§ **What you will do**
Once you reach the line containing "GT86/FRS/BRZ Rear Subframe", return it and every line after it exactly, through the end of the records below, with no pictures.

[Records supplied — start]

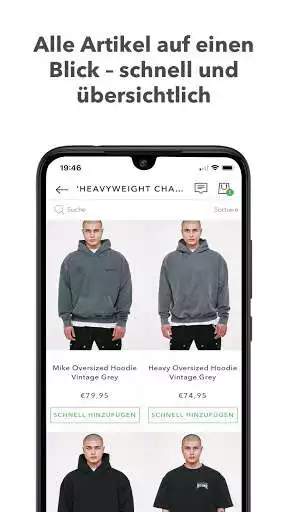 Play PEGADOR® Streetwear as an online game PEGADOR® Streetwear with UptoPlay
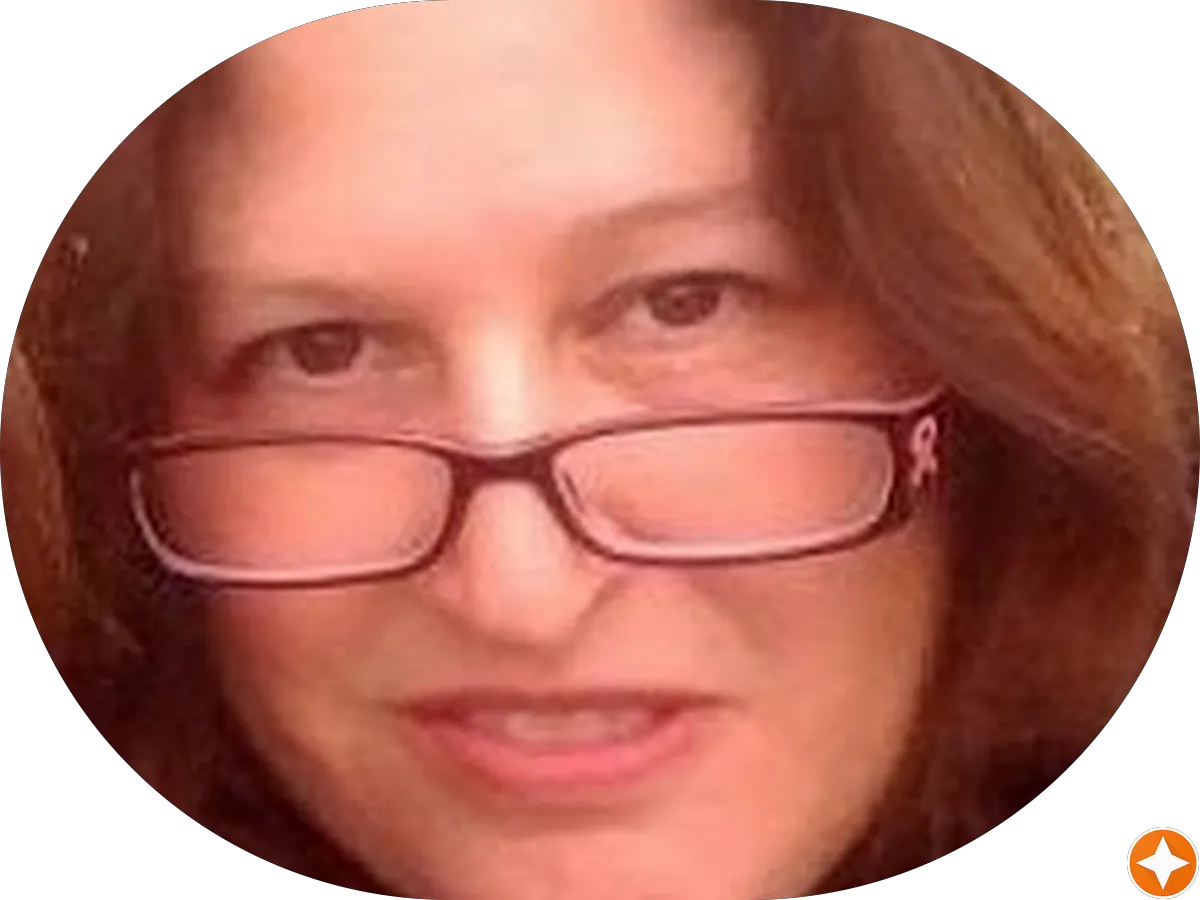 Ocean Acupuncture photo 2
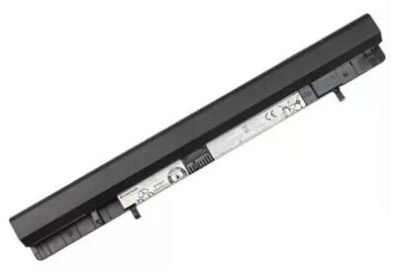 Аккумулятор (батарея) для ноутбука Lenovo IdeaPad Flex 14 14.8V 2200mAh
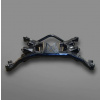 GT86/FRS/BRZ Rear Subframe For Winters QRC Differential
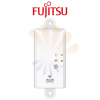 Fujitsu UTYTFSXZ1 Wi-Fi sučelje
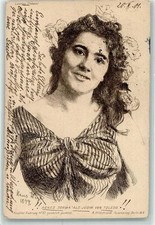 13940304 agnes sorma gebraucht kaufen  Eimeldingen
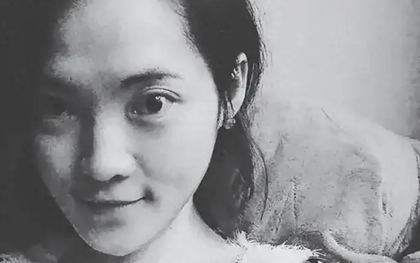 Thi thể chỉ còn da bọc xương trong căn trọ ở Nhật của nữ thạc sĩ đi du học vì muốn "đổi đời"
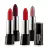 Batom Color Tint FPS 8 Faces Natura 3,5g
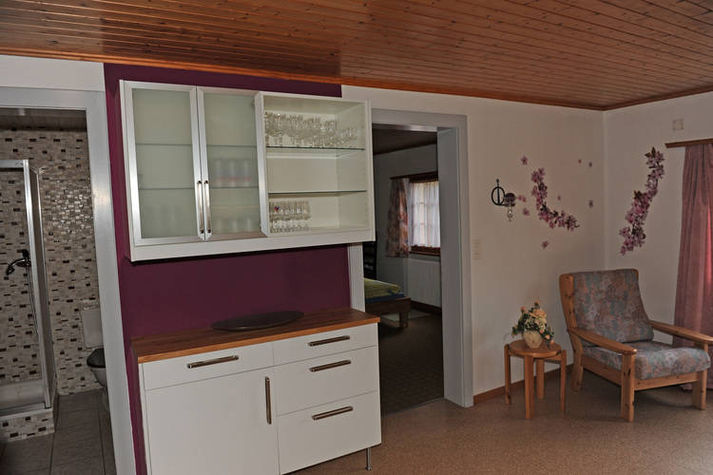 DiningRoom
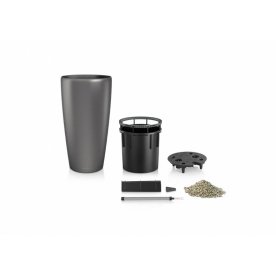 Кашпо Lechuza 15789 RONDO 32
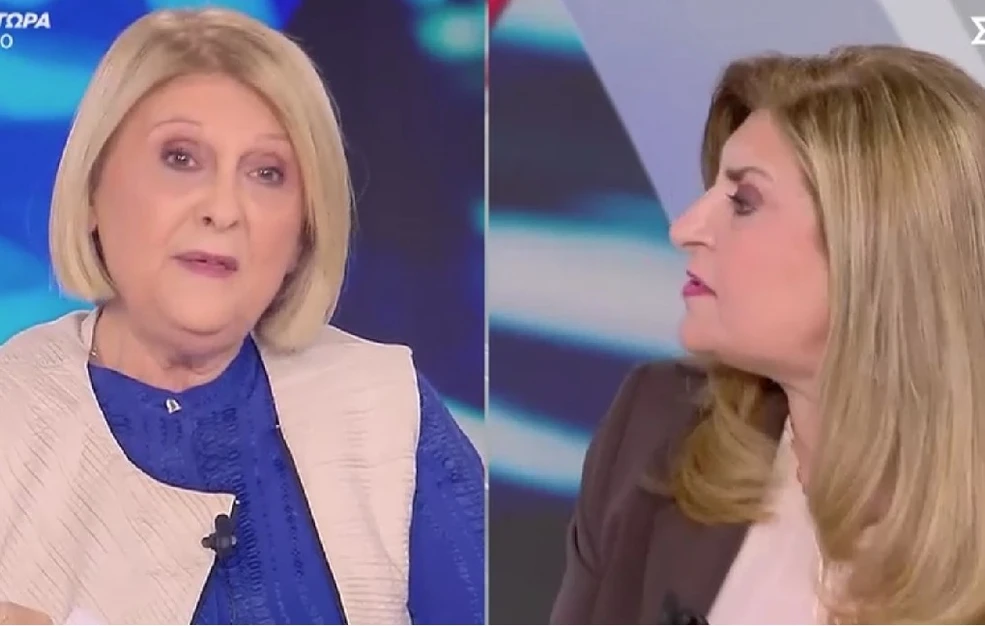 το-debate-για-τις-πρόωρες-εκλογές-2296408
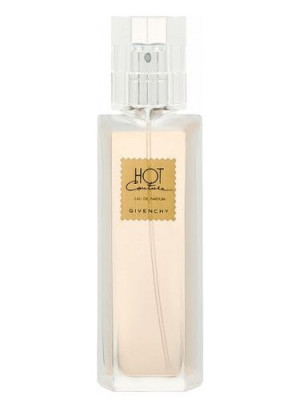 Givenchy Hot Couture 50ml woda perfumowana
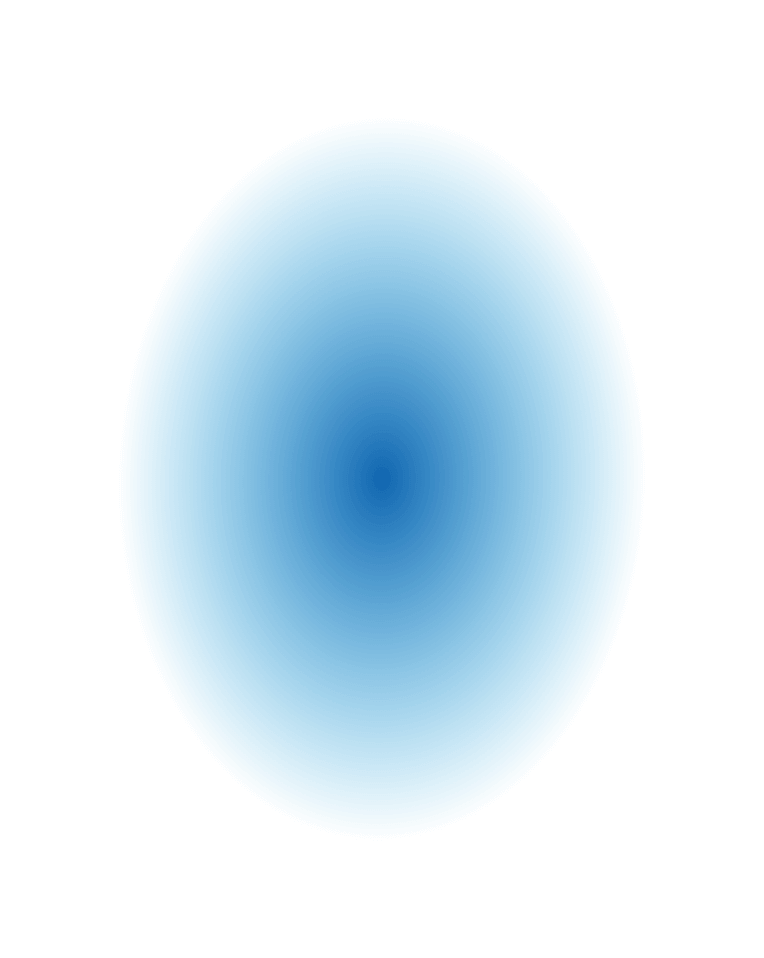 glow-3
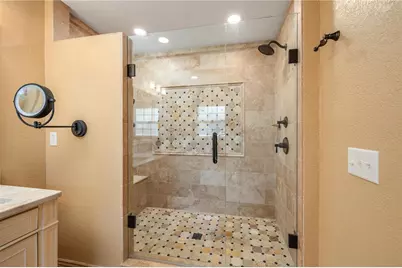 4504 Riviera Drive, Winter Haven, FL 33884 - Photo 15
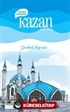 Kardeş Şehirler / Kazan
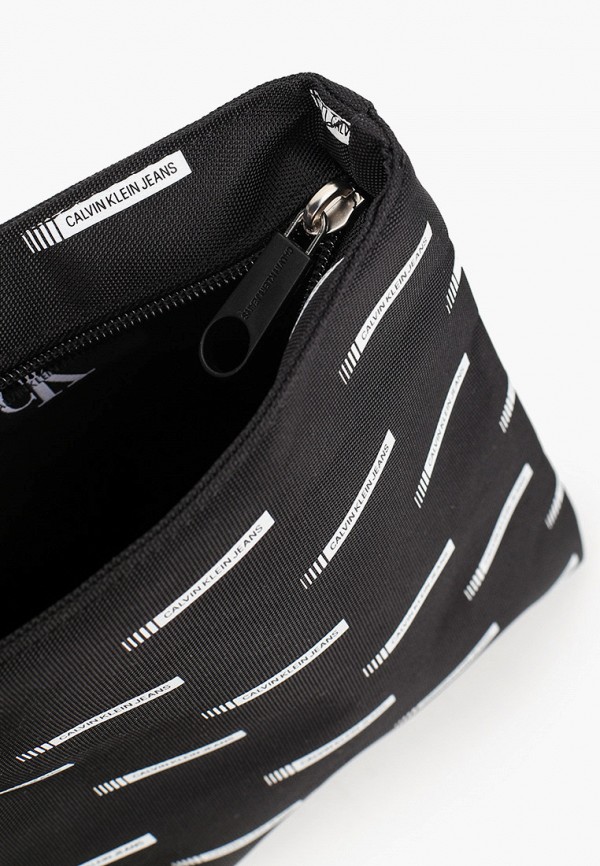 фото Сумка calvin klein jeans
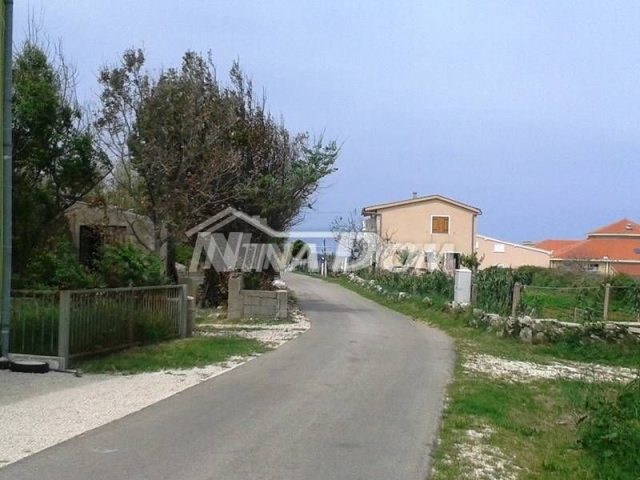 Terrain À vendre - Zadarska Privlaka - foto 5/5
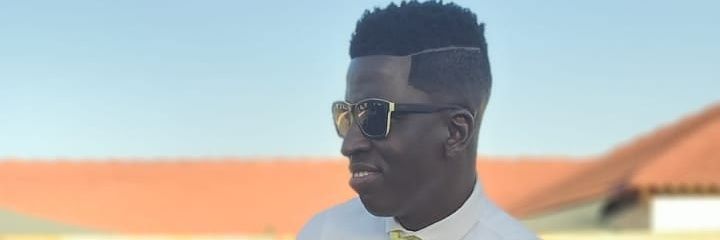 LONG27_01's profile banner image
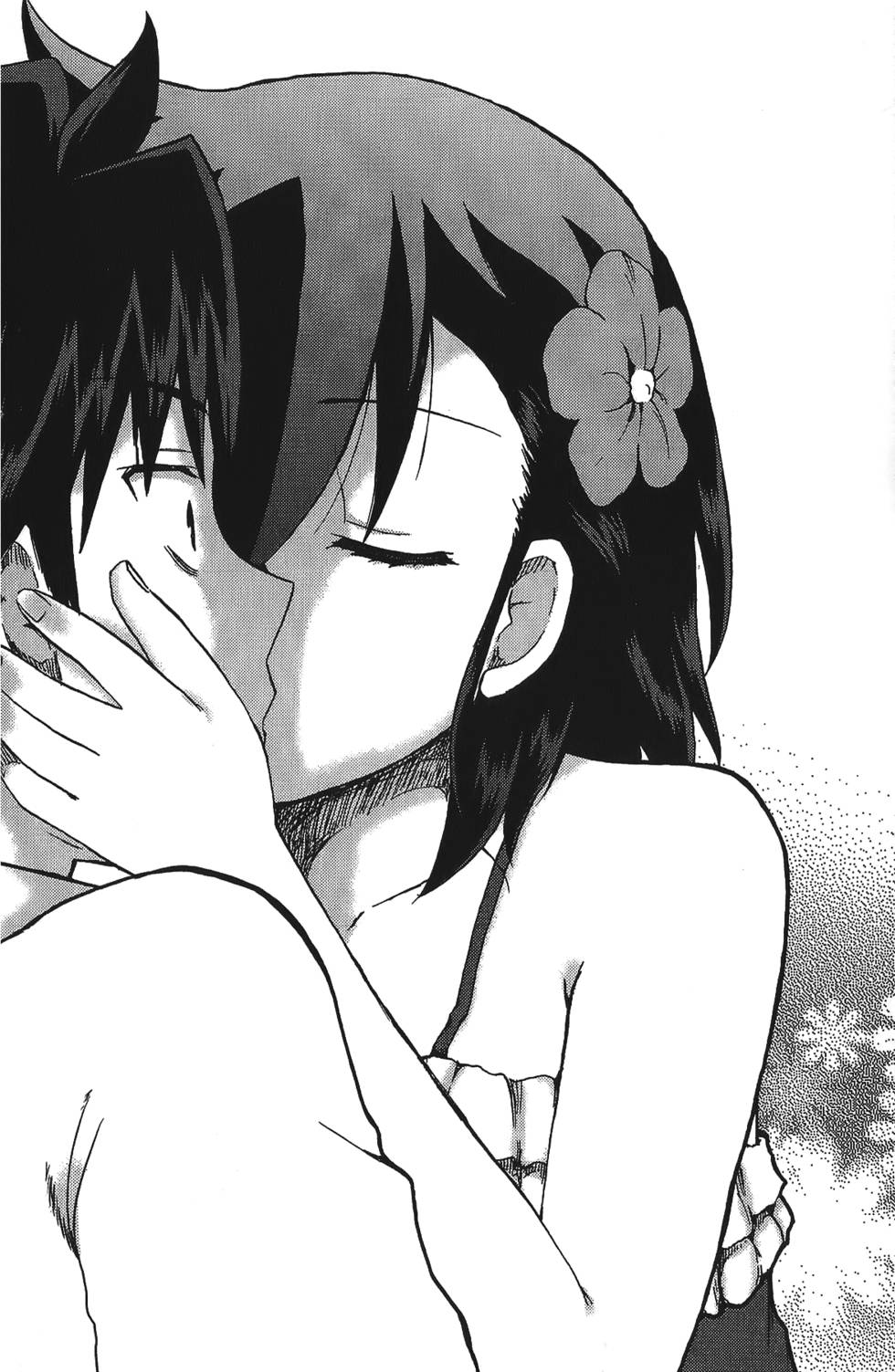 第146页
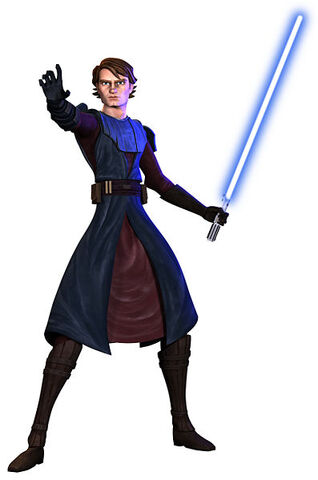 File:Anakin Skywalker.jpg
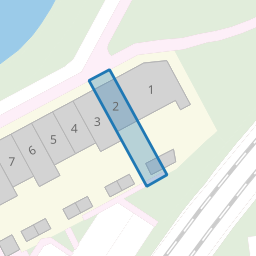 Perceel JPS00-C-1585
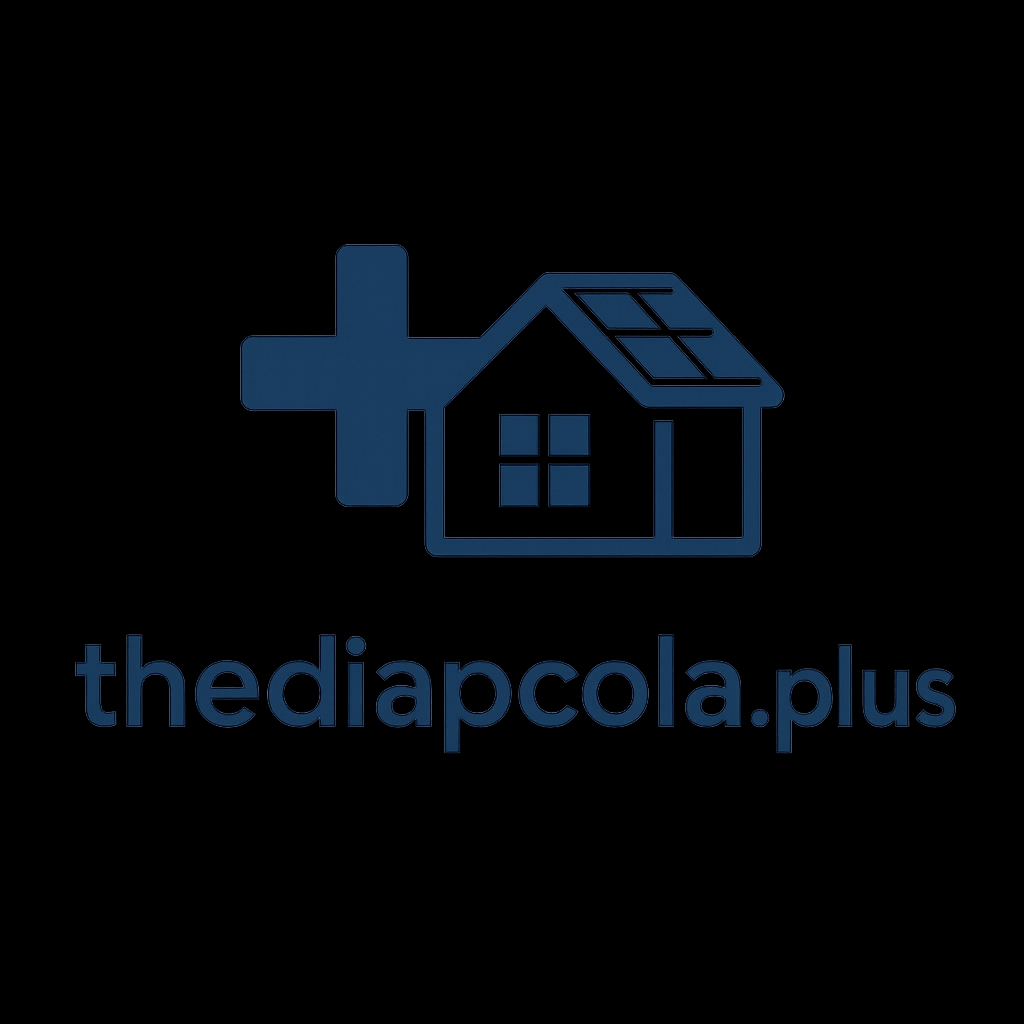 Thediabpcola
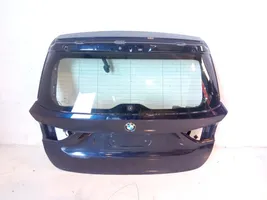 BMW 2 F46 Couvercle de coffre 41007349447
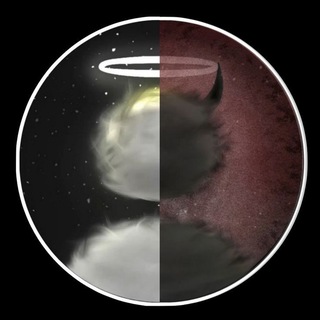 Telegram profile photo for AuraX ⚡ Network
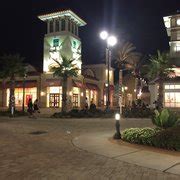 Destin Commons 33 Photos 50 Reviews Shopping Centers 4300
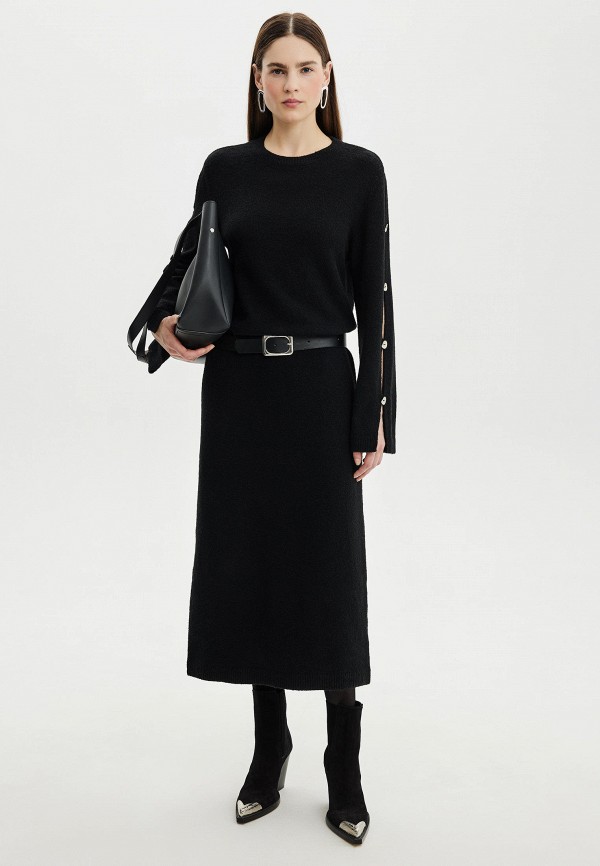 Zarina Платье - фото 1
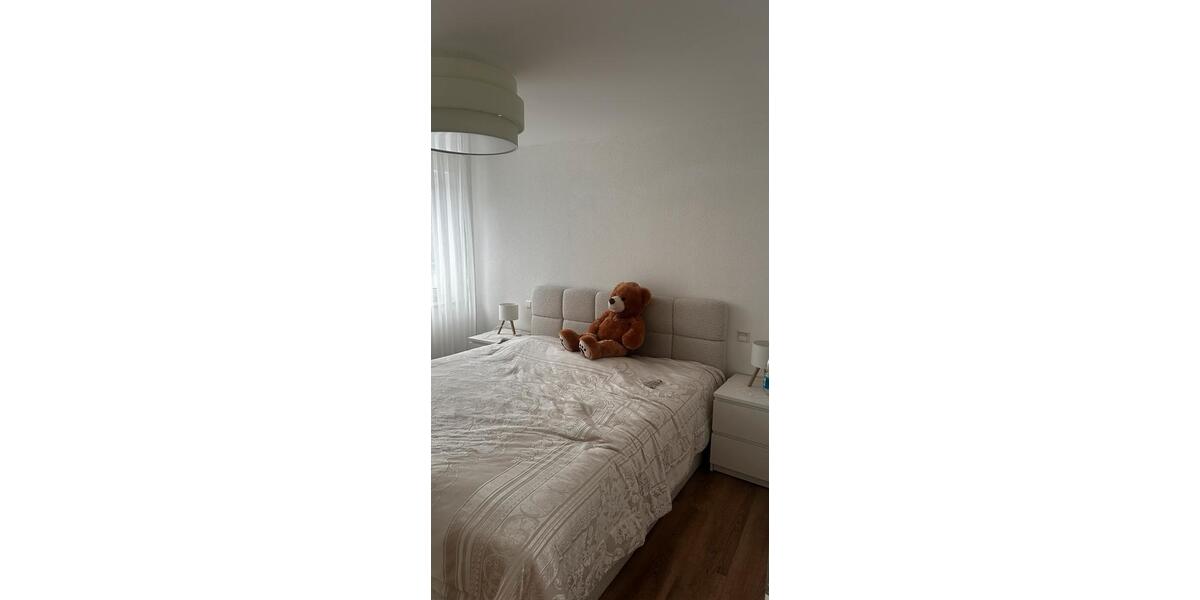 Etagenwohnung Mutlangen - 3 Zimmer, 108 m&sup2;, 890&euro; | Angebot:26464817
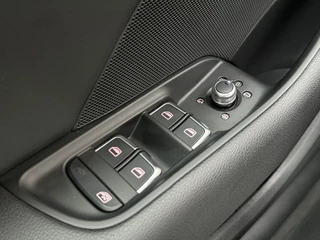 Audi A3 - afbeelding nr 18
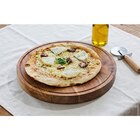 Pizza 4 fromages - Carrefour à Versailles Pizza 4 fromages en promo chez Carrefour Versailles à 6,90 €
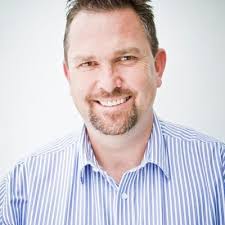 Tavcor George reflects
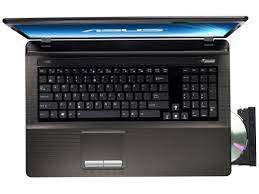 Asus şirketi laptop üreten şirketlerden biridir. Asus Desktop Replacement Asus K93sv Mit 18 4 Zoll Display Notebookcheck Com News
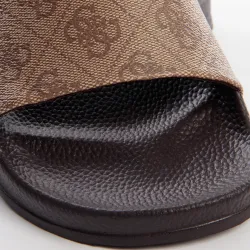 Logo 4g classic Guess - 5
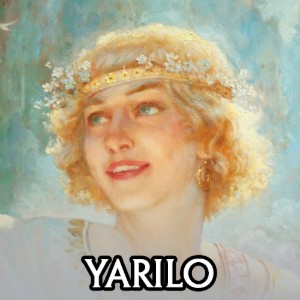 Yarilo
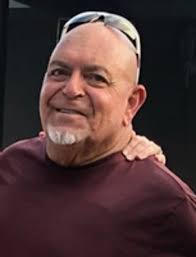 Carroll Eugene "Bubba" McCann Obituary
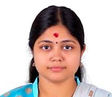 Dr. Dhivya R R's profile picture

[Records supplied — finish]

§ **Solution for this task**
 GT86/FRS/BRZ Rear Subframe For Winters QRC Differential
 Fujitsu UTYTFSXZ1 Wi-Fi sučelje
 13940304 agnes sorma gebraucht kaufen  Eimeldingen
 Thi thể chỉ còn da bọc xương trong căn trọ ở Nhật của nữ thạc sĩ đi du học vì muốn "đổi đời"
 Batom Color Tint FPS 8 Faces Natura 3,5g
 DiningRoom
 Кашпо Lechuza 15789 RONDO 32
 το-debate-για-τις-πρόωρες-εκλογές-2296408
 Givenchy Hot Couture 50ml woda perfumowana
 glow-3
 4504 Riviera Drive, Winter Haven, FL 33884 - Photo 15
 Kardeş Şehirler / Kazan
 фото Сумка calvin klein jeans
 Terrain À vendre - Zadarska Privlaka - foto 5/5
 LONG27_01's profile banner image
 第146页
 File:Anakin Skywalker.jpg
 Perceel JPS00-C-1585
 Thediabpcola
 BMW 2 F46 Couvercle de coffre 41007349447
 Telegram profile photo for AuraX ⚡ Network
 Destin Commons 33 Photos 50 Reviews Shopping Centers 4300
 Zarina Платье - фото 1
 Etagenwohnung Mutlangen - 3 Zimmer, 108 m&sup2;, 890&euro; | Angebot:26464817
 Audi A3 - afbeelding nr 18
 Pizza 4 fromages - Carrefour à Versailles Pizza 4 fromages en promo chez Carrefour Versailles à 6,90 €
 Tavcor George reflects
 Asus şirketi laptop üreten şirketlerden biridir. Asus Desktop Replacement Asus K93sv Mit 18 4 Zoll Display Notebookcheck Com News
 Logo 4g classic Guess - 5
 Yarilo
 Carroll Eugene "Bubba" McCann Obituary
 Dr. Dhivya R R's profile picture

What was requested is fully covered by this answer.